Grep regex result not as expected?

2

Using FreeBSD 11.1:

#!/bin/sh

if printf 'abcde.fgh' | grep -iEq '^[^][$^*_-]'; then
    echo "test 1 success"
else
    echo "test 1 fail"
fi

echo

if printf 'abcde.fgh' | grep -iEq '^[^][.$^*_-]'; then
    echo "test 2 success"
else
    echo "test 2 fail"
fi

Output:

test 1 success

grep: Unmatched [ or [^
test 2 fail

But AFAICT these should give the same result. They both contain a condition on the first character (only), that it isn't one of a list of specified non-alphabetic characters. Breakdown of the regex:

  • ^ = start of string
  • [^...] = match if none of these characters
  • Within the list, ] must be the first character, ^ must not be the first, and - must be the last. So ][.^$_- is a valid list of literal characters and the string mustn't match any of them.
  • To avoid confusion note that this means the ][ are literal "]" and "[" chars in the list, not a close-and-reopen of 2 lists.
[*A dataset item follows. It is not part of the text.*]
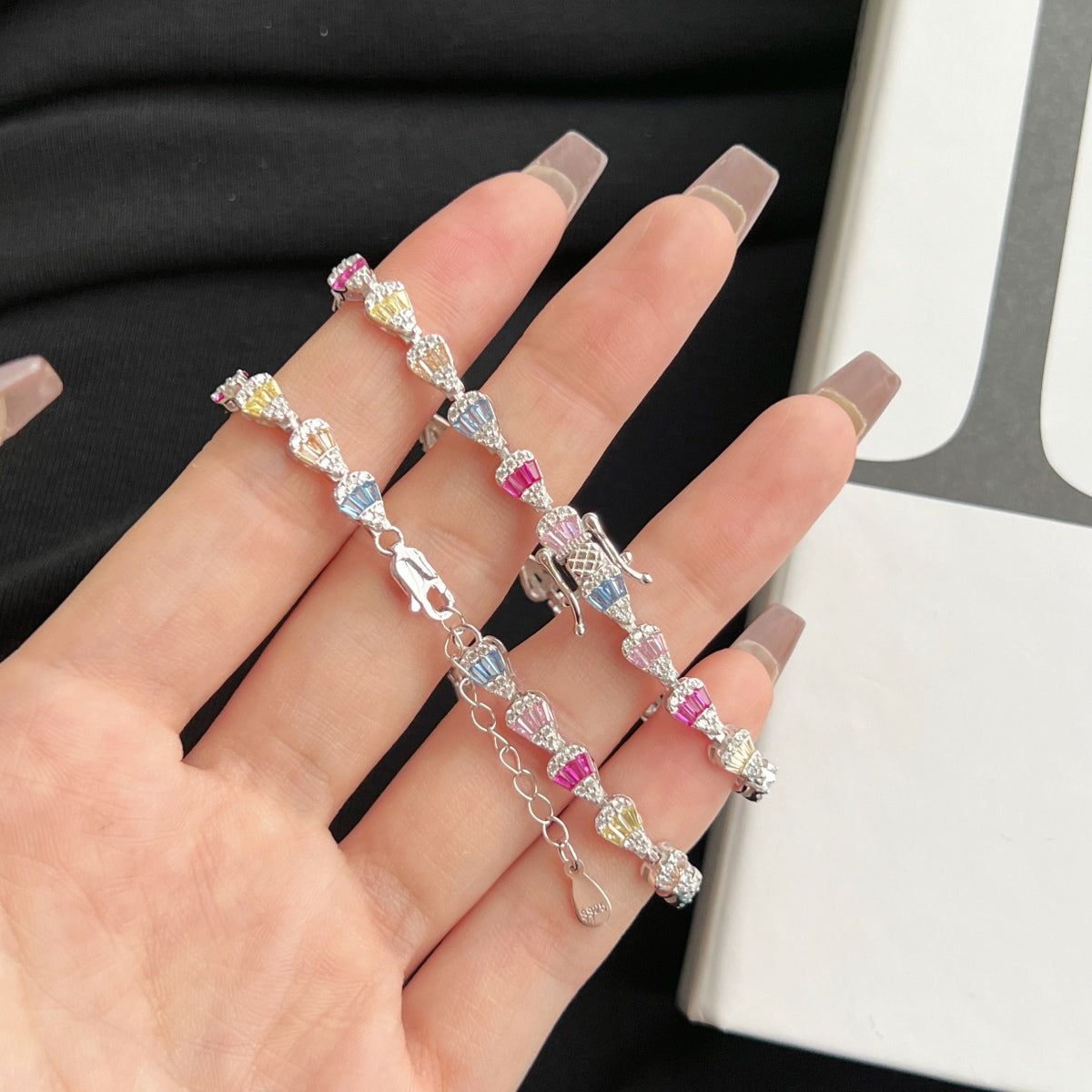 Angela Jewelry]Radiant Water Drop Shape Daily Bracelet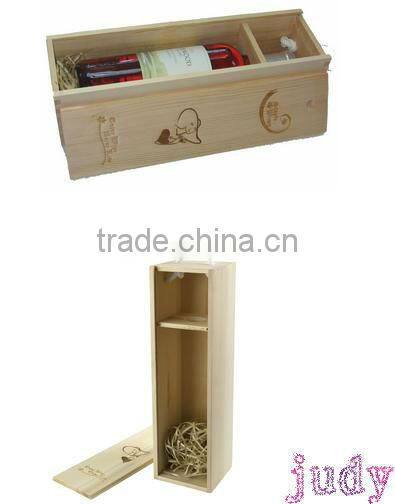 custom solid pine cheap wooden wine boxes wholesale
The only difference between the 2 expressions is the "." but it's inside a list, so it should be treated as not literal . and indeed the first char doesn't match literal "."

What am I missing? Something very obvious and simple, probably?

Stilez

Posted 2018-08-07T01:06:00.517

Reputation: 1 183

Answers

3

You are missing a few other syntax rules. Within a bracket expansion, in addition to plain ranges, there are also a few types of multi-character expressions which start with a [. (See the regex(7) manual for Linux or FreeBSD at "With the exception of these and some combinations using '[' (see next paragraphs)".) These are:

  • Collating elements: [..]
  • Equivalence classes: [==]
  • Character classes: [::]

(You might have seen or used such expressions as [[:digit:]] – these are actually a character class [:digit:] that happens to be the lone element of a […] bracket expansion.)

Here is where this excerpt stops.